Also, my father in law is quite knowledgeable as well as he used to own horses of his own. Now that he is retired, he can enjoy them again. I did not come on this forum for interaction such as this. 

I can say this. With the exception of a few people on here, my "greenness" of horses has been a much better experience with these horses than the experience of some of the responses on this forum.


----------



## angelia2719 (Aug 20, 2007)

Tessa Bear said:


> wow it looks like you have a really harsh but in his mouth and a tie down on him....
> 
> makes me think you don't think hes safe?


I would like to ask what makes this bit look so harsh i mean you can not see what is in his mouth?


----------



## sweetypie16 (Jun 19, 2007)

G'day mate!

I am glad you are getting into the feild of horses! It is very rewarding! What i think everyone is trying to say is that, having that sort of bit in a horses mouth can do som damage in the wrong hands. We don't know you very well, so we can't make judgments. It looks like he is happly placed in a loving, caring home and his new owners love him! Keep up the Team Penning, its great! 

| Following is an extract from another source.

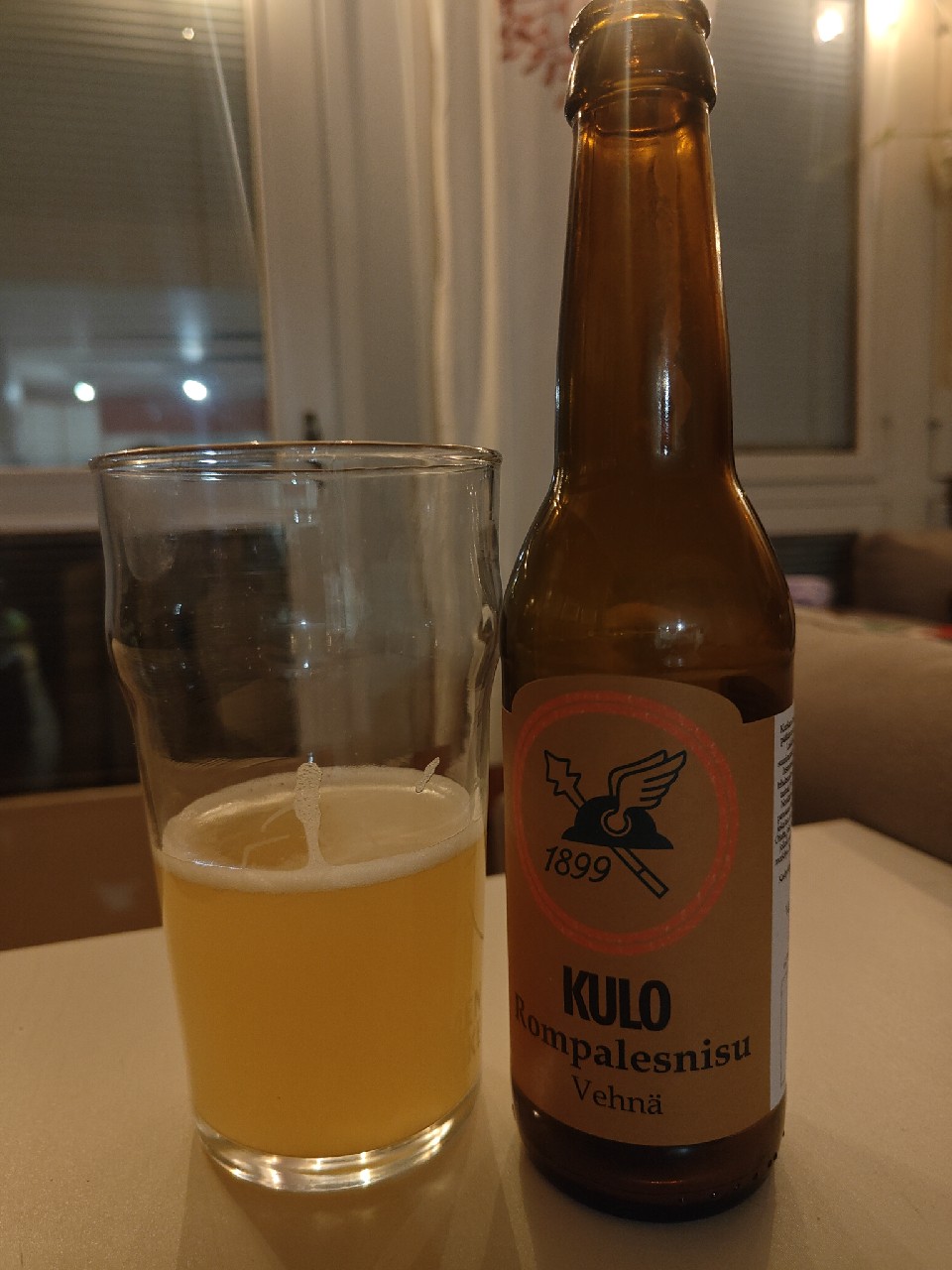 Kulo Rompalesnisu, Finland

And keep us posted! Maybe you could take some piccies of you Team penning? Thanks alot for contributing to Horse Forum!!


----------



## keithturner (Aug 20, 2007)

It does not take much for him to stop or turn. He is reined and very gentle for the most part. He is a bit out of shape. My neighbor told me as long as we keep him in his gait he wil be fine. About 30 minutes a day for a few weeks and he will be back in shape in no time.


----------



## angelia2719 (Aug 20, 2007)

KANSAS_TWISTER said:


> keith we all own horses here because we took years of ridding lesson beofre jumping in and buying one....i did not wake up one day and thought it was a good day to buy a horse and learn later...i'm not trying to be mean i'm just concerned...troy look's like a great horse but did you ask your self why she sold you him at a low price?, did you have a coggins and vet check on troy or even have him x-ray?, some people out the will take any one for a ride and not on a horse, we had a newbie who thought she knew every thing in our barn and bought her first horse, shipped it in that night and it was dead by morning, yes dead by morning, because she did not vet check it she asumed she was buying a healthy 3 year old on good faith of what the seller was saying, the vet came that moring to inpect the body and said that the horse was in it's mid 30's, boy did that seller go in to hidding fast, $2,500 down the drain also, you also have to ask your self how well you know this person in order to buy a really good looking horse at that price, did you find out all of his history?, i've been around horses for over 30 years and by no means am i a pro, i would love to try team pennning and barrel racing but can't get back in to the saddle before late april of 08.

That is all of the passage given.